--- Provided data ---

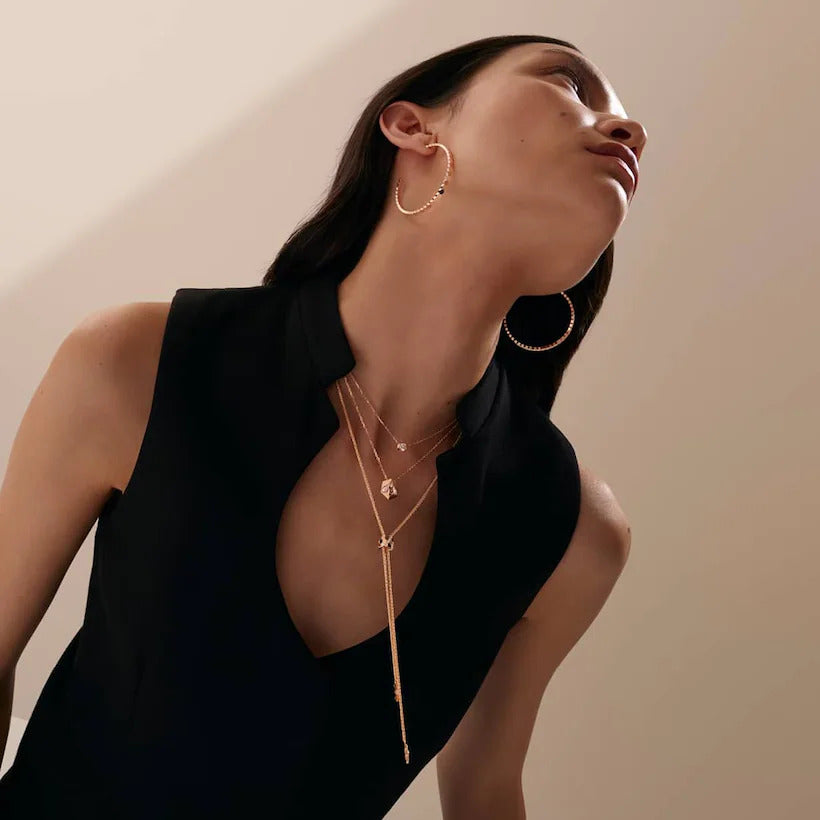 Gioiello in oro rosa Collana Bee de Chaumet Chaumet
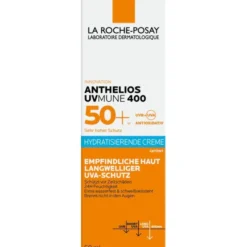 ROCHE-POSAY Anthelios hydratis.Cre.getönt LSF 50+ 50 ml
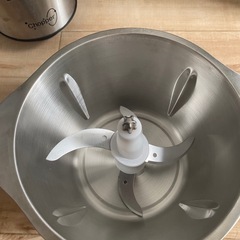 フードプロセッサーの画像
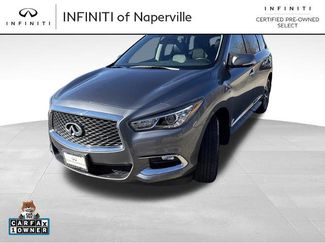 Certified 2019 INFINITI QX60 Luxe w/ Essential Package 360° Tour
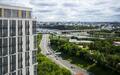 3-КОМН. КВАРТИРА С ОТДЕЛКОЙ 124.7 М² НА 6 ЭТАЖЕ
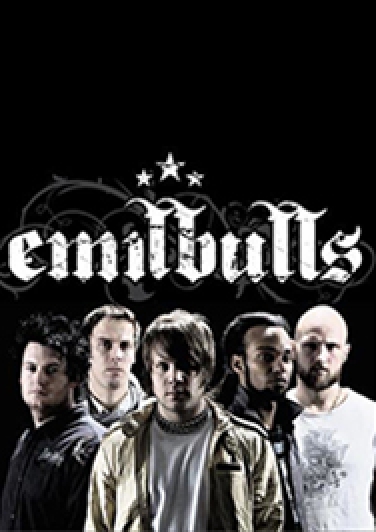 Emil Bulls // Emil Bulls Russian Tour 2018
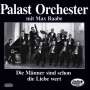 Palast Orchester: Die Männer sind schon die Liebe wert, CD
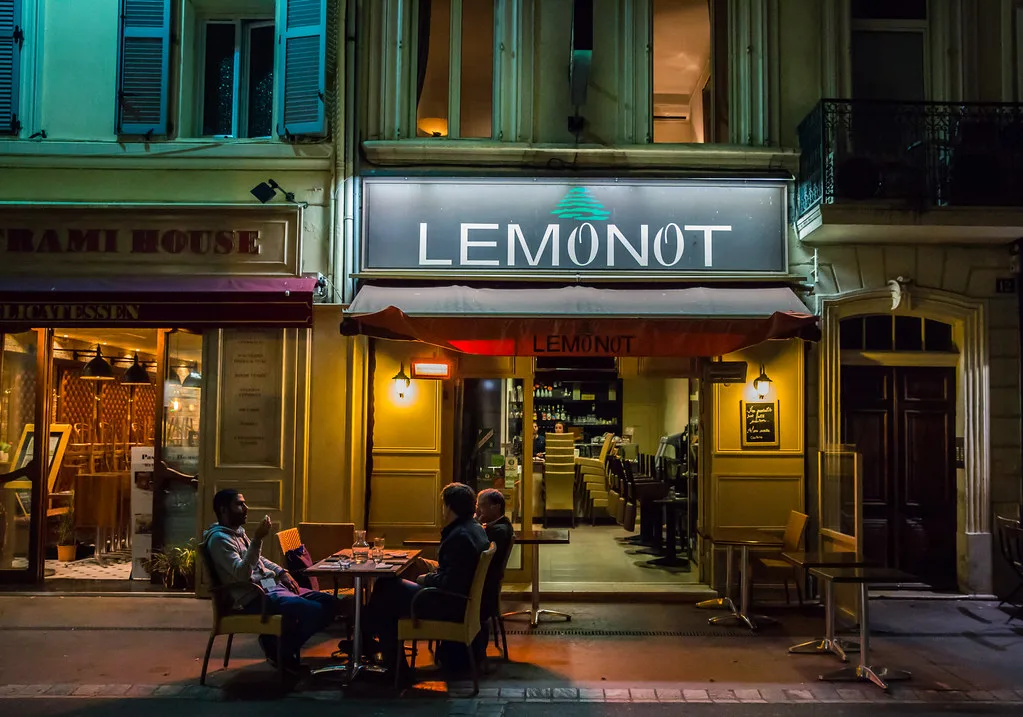 Closing time, Cannes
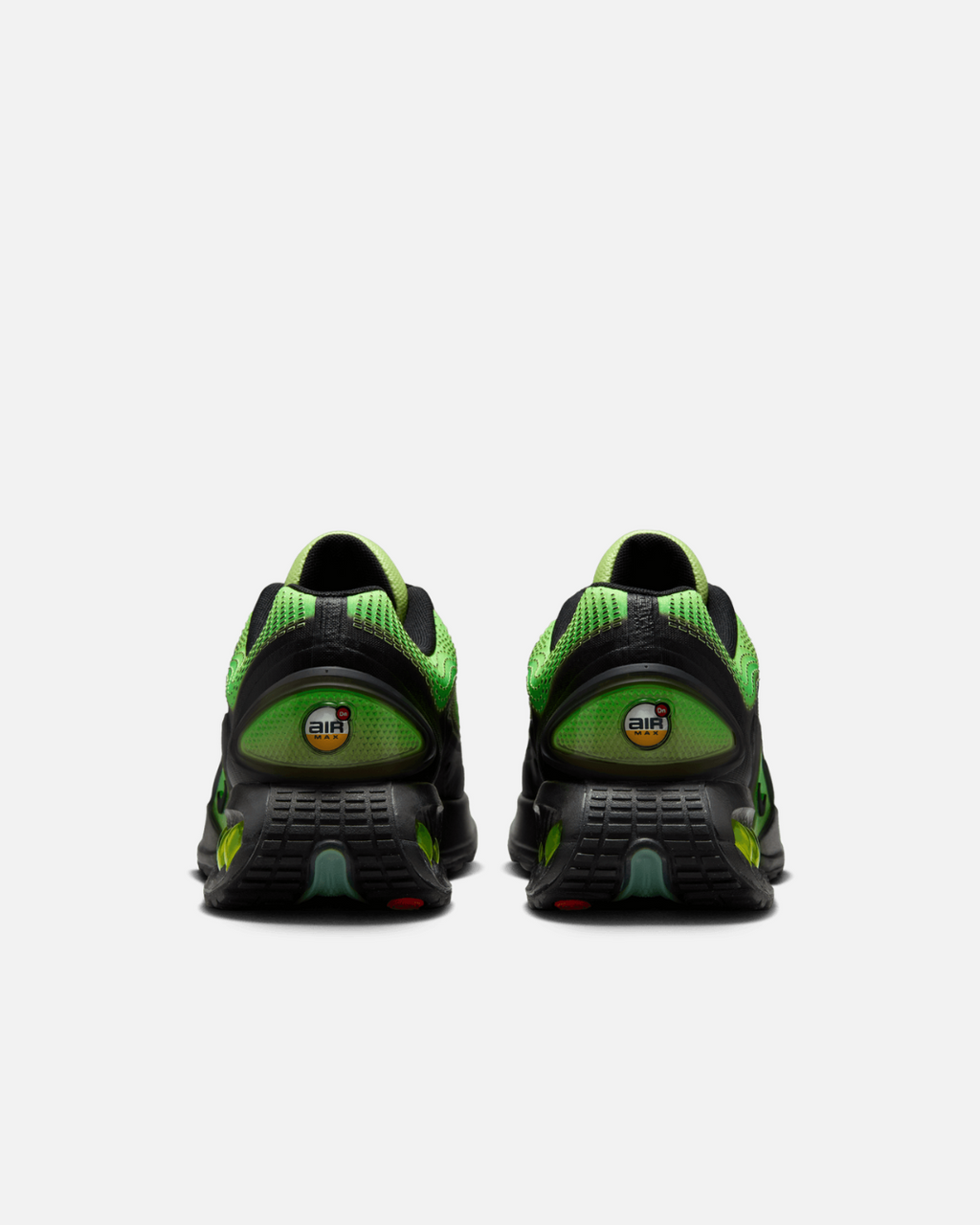 Air Max DN4 - Vert/Noir
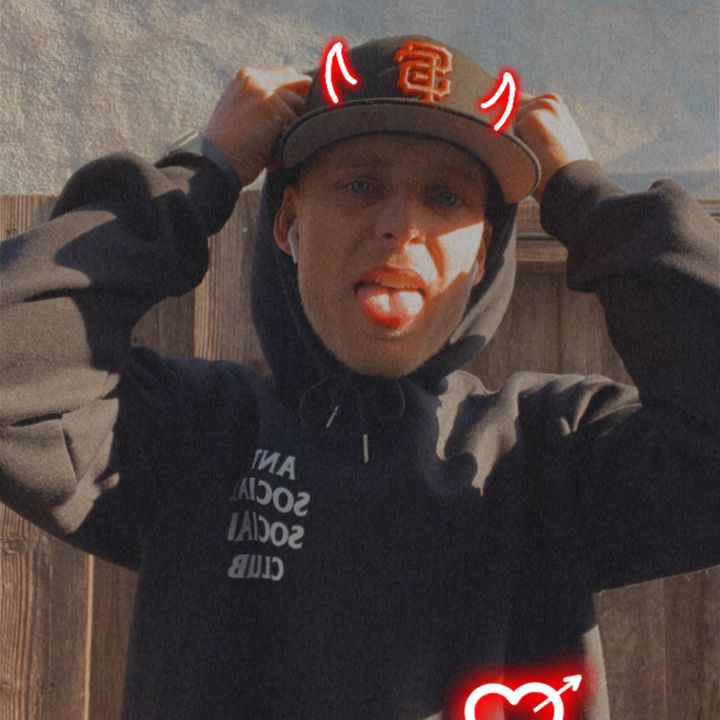 Profile Picture of David Rexford (@antichrist_superstar209) on Tiktok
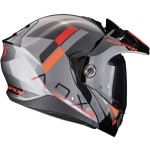 Scorpion ADX-2 Galane Dual Sport Motorcycle Helmet - Non PSB Approved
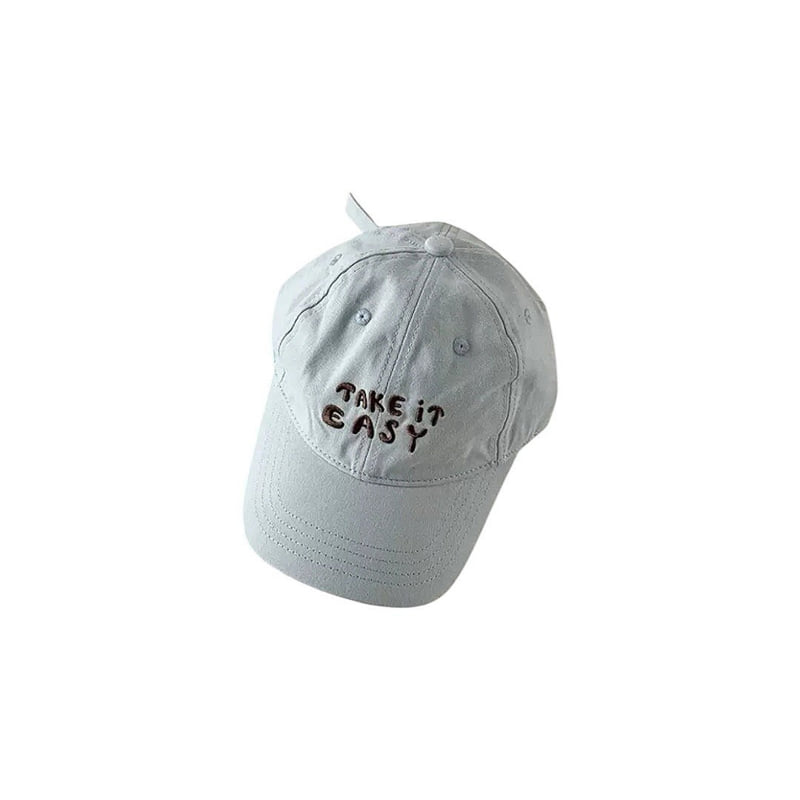 Dudie - Korean Children Fashion - #designkidswear - Easy Cap - 10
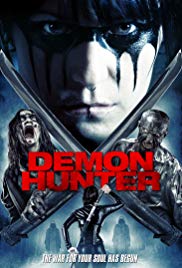Taryn Barker: Demon Hunter (2016)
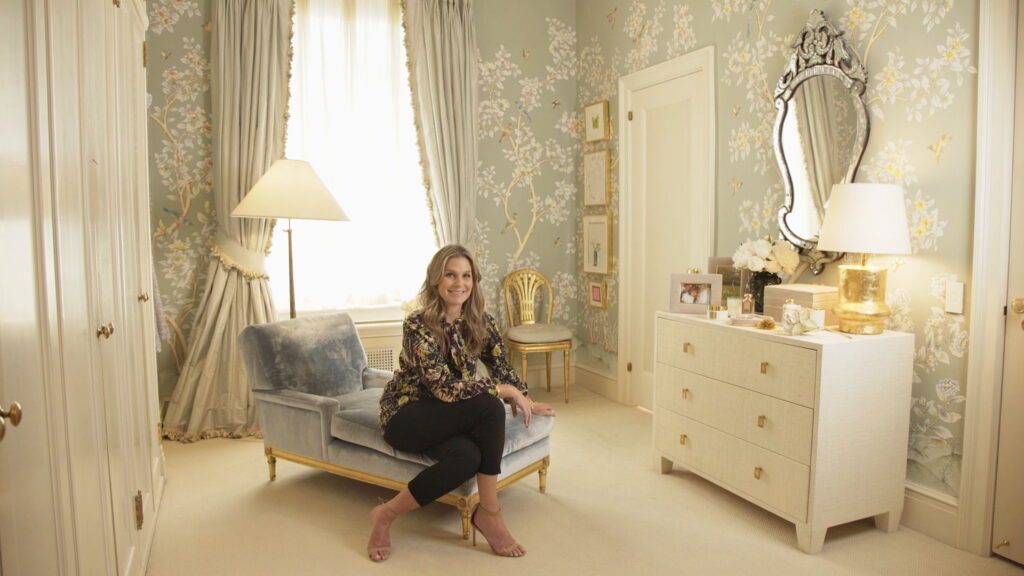 Aerin Lauder's Dressing Room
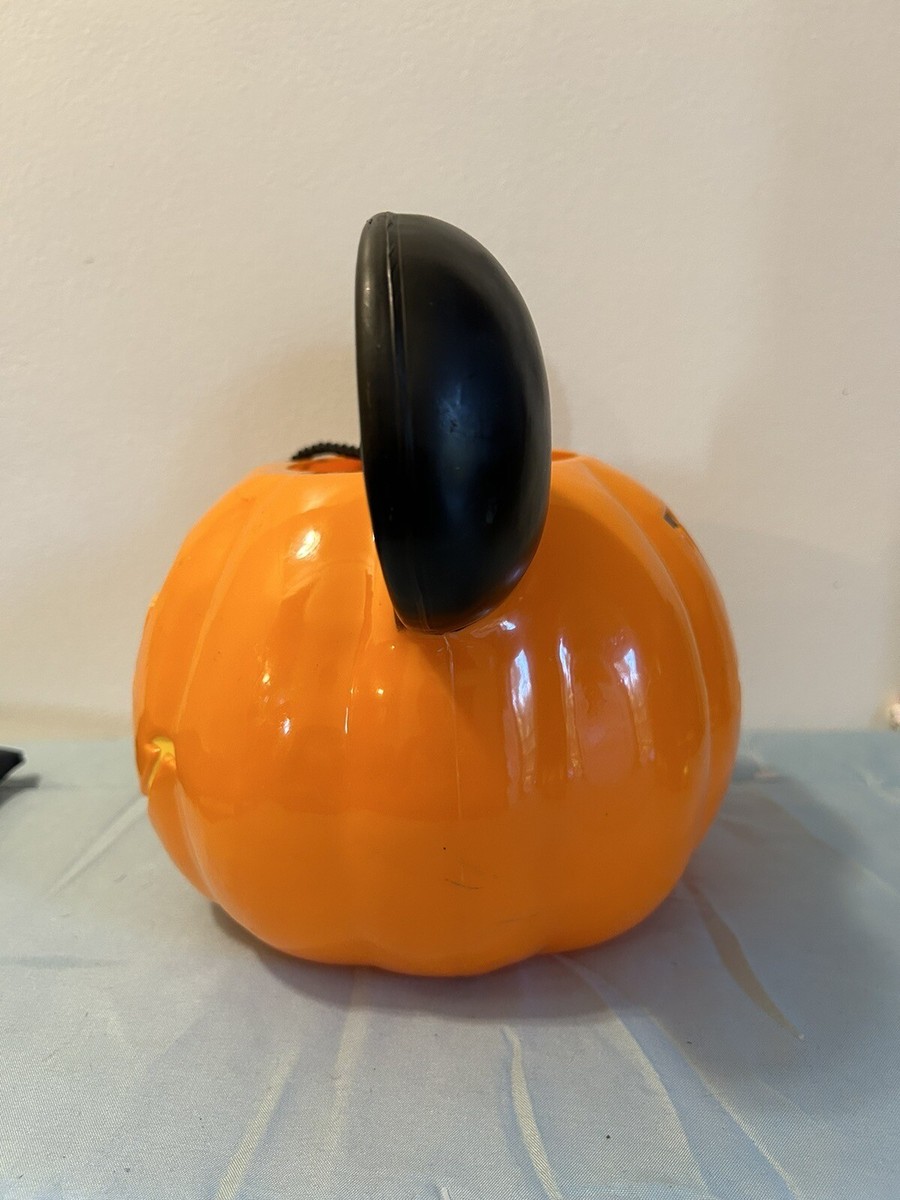Disney Parks | Mickey Mouse | Halloween Pumpkin Jack-O-Lantern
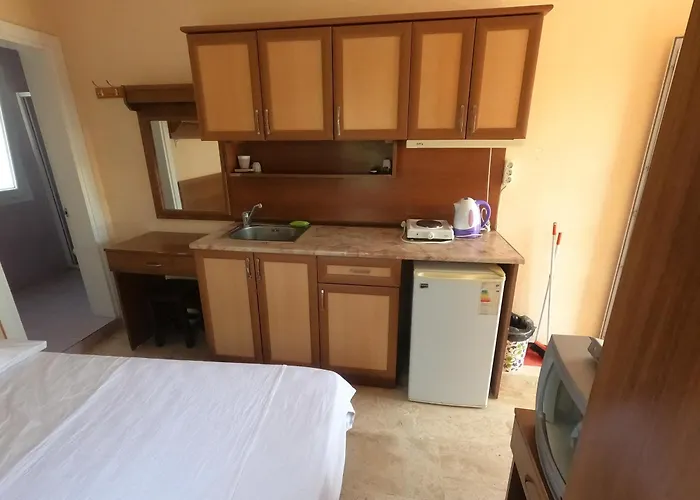 Hotel apartamentowy Dream Bitez
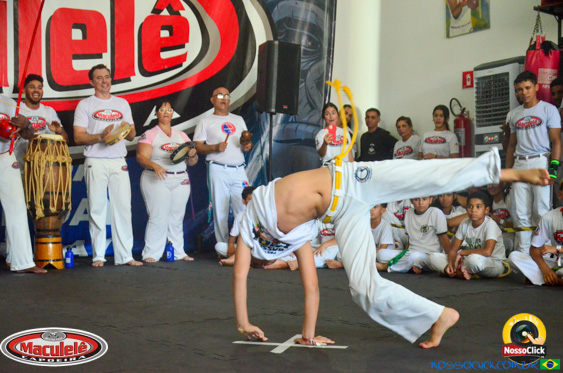 Campeonato Solo de Capoeira Maculele Itaipu Binacional em Corn&eacute;lio Proc&oacute;pio - 21/03/2026 - Foto 390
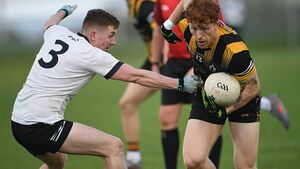 Strokestown keep Allen Gaels at bay to reach Connacht final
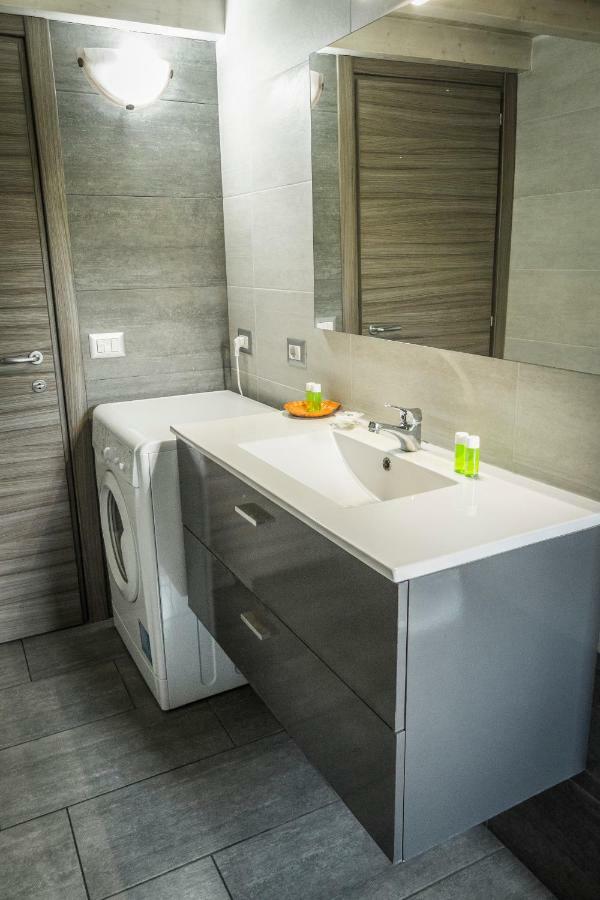 Modern Loft Apartment Roma Eksteriør bilde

---

Assignment: Repeat all the data as it stands, dropping any images it holds.

Task response:
 Gioiello in oro rosa Collana Bee de Chaumet Chaumet
 ROCHE-POSAY Anthelios hydratis.Cre.getönt LSF 50+ 50 ml
 フードプロセッサーの画像
 Certified 2019 INFINITI QX60 Luxe w/ Essential Package 360° Tour
 3-КОМН. КВАРТИРА С ОТДЕЛКОЙ 124.7 М² НА 6 ЭТАЖЕ
 Emil Bulls // Emil Bulls Russian Tour 2018
 Palast Orchester: Die Männer sind schon die Liebe wert, CD
 Closing time, Cannes
 Air Max DN4 - Vert/Noir
 Profile Picture of David Rexford (@antichrist_superstar209) on Tiktok
 Scorpion ADX-2 Galane Dual Sport Motorcycle Helmet - Non PSB Approved
 Dudie - Korean Children Fashion - #designkidswear - Easy Cap - 10
Taryn Barker: Demon Hunter (2016)
 Aerin Lauder's Dressing Room
Disney Parks | Mickey Mouse | Halloween Pumpkin Jack-O-Lantern
 Hotel apartamentowy Dream Bitez
 Campeonato Solo de Capoeira Maculele Itaipu Binacional em Corn&eacute;lio Proc&oacute;pio - 21/03/2026 - Foto 390
 Strokestown keep Allen Gaels at bay to reach Connacht final
 Modern Loft Apartment Roma Eksteriør bilde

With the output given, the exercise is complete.